Exclude the pictures and set down, unaltered, the lines from the one that holds "Blue Shirt Dress" through the end of the data.

> _RECORDED DATA_
Content starts
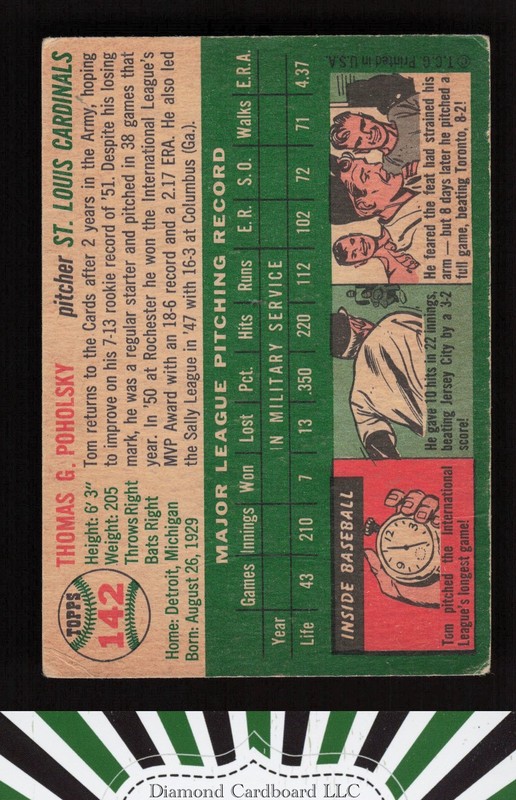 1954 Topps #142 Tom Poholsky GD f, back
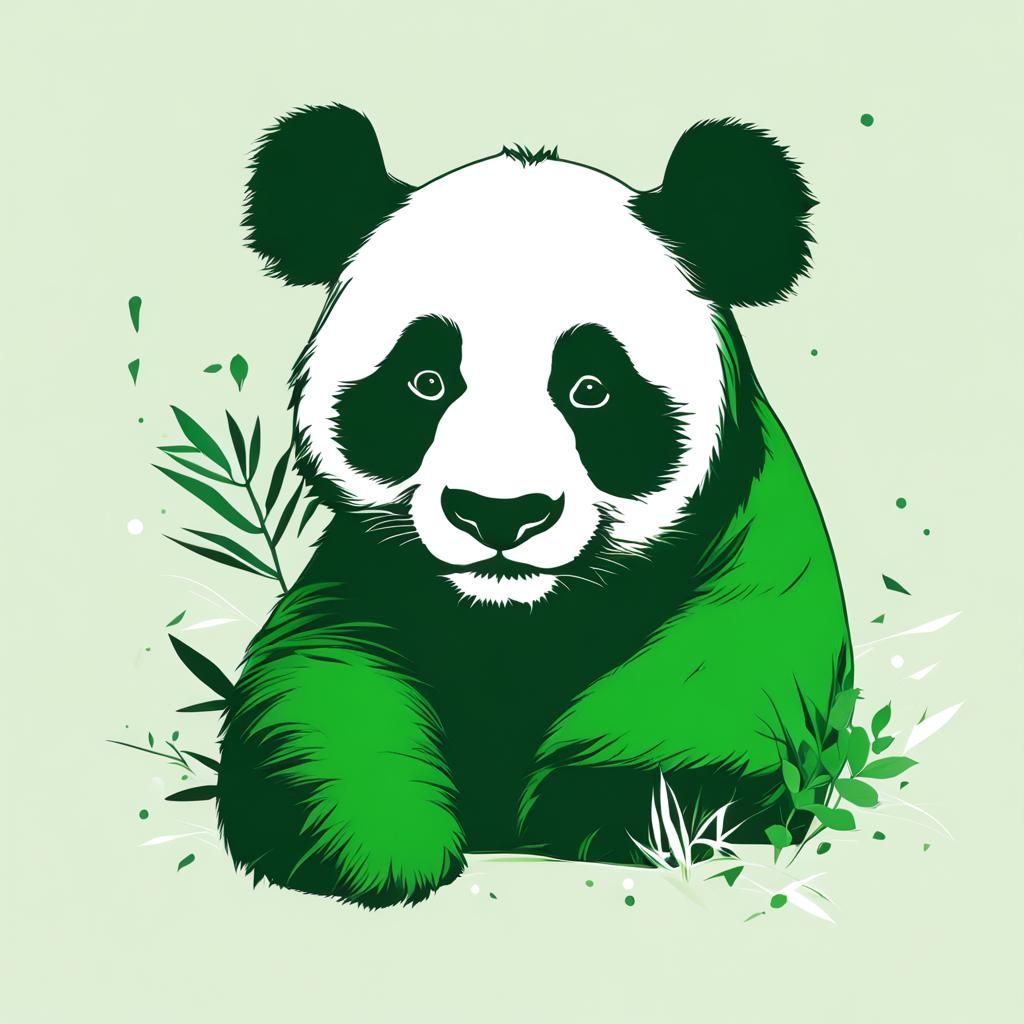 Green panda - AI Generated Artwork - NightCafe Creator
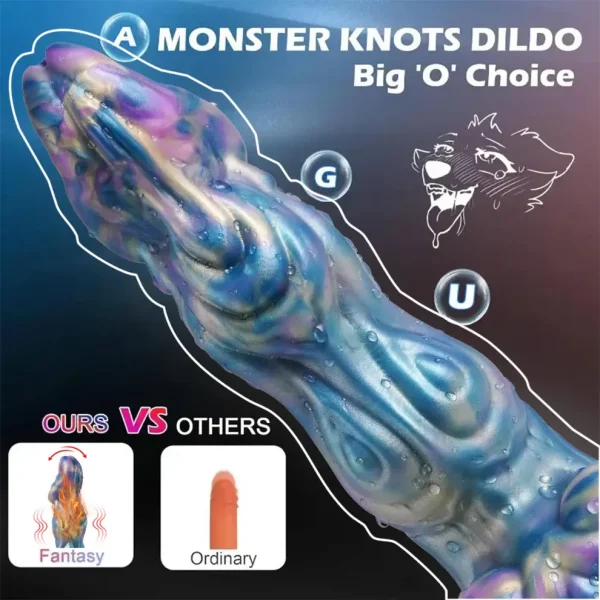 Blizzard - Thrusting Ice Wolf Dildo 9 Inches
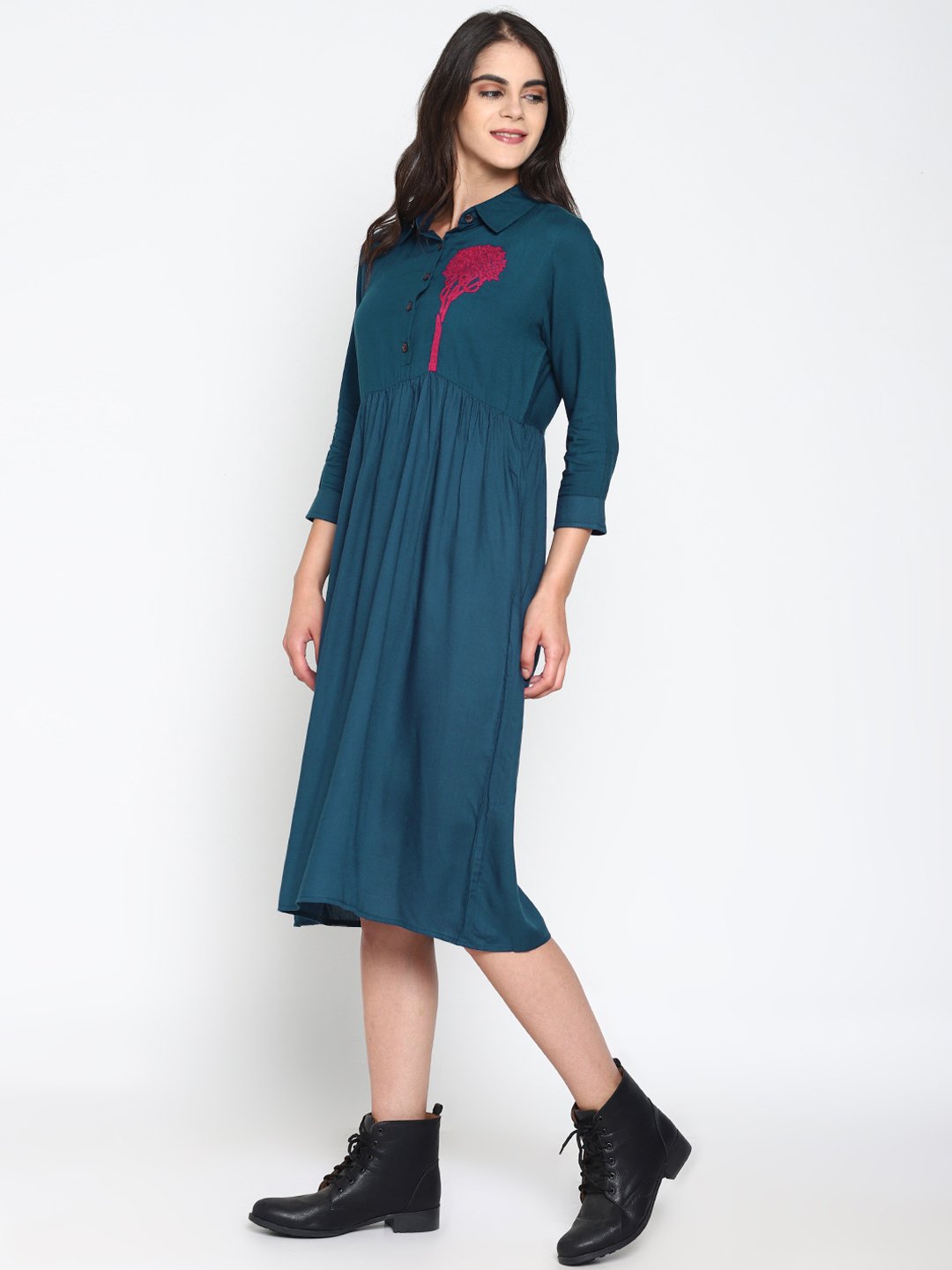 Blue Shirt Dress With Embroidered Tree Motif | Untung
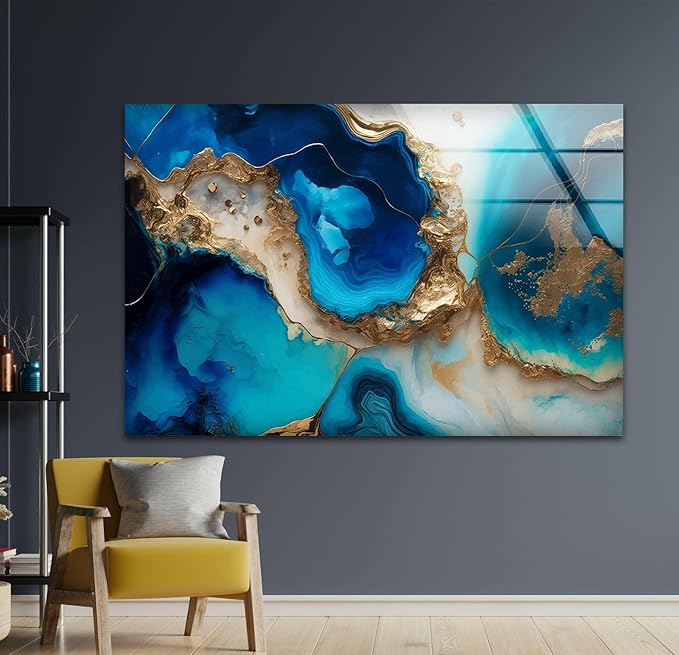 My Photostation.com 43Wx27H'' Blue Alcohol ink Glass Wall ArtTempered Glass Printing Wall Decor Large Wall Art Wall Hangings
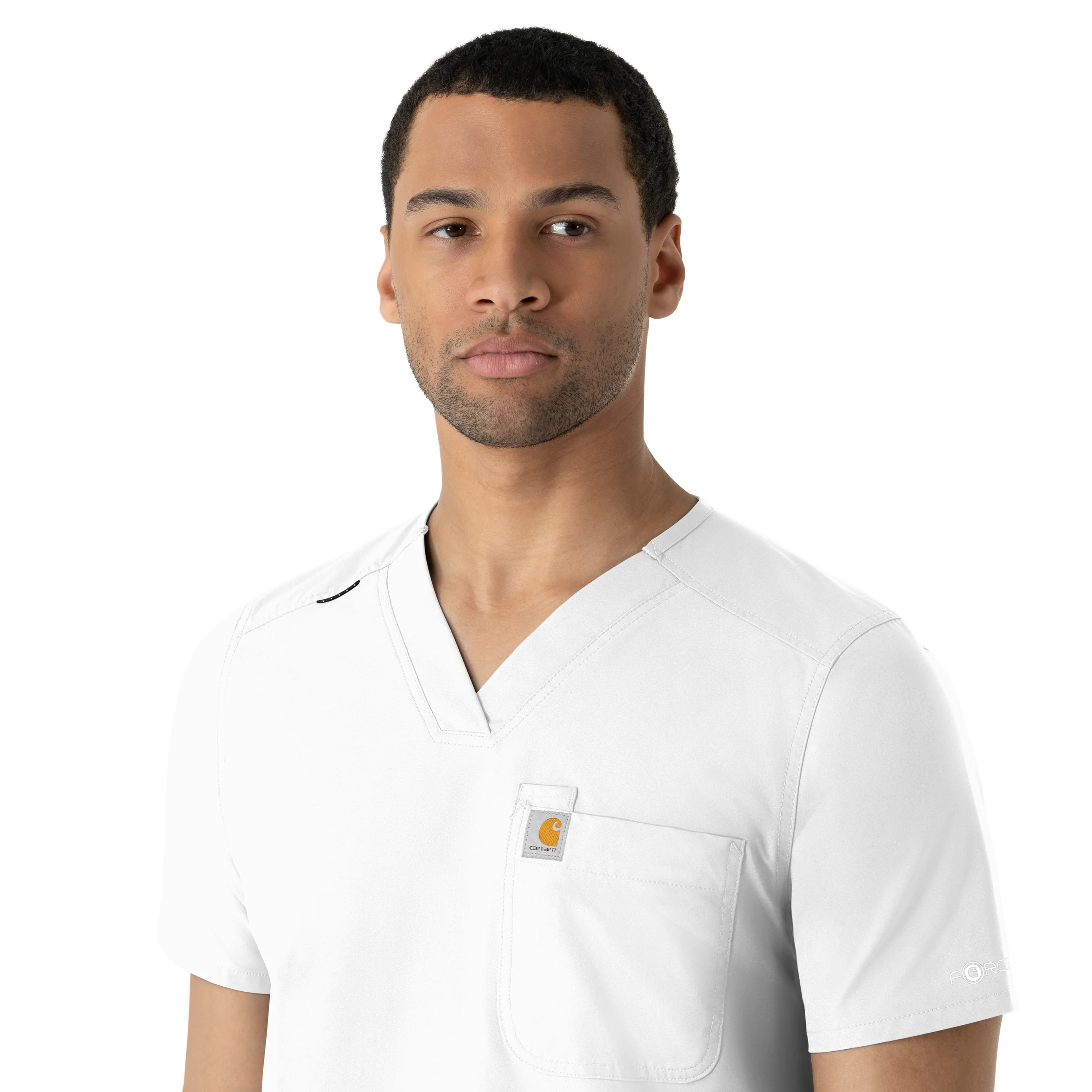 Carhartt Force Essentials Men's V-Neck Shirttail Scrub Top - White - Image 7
Content ends
> _SOLUTION TO THIS EXERCISE_
 Blue Shirt Dress With Embroidered Tree Motif | Untung
 My Photostation.com 43Wx27H'' Blue Alcohol ink Glass Wall ArtTempered Glass Printing Wall Decor Large Wall Art Wall Hangings
 Carhartt Force Essentials Men's V-Neck Shirttail Scrub Top - White - Image 7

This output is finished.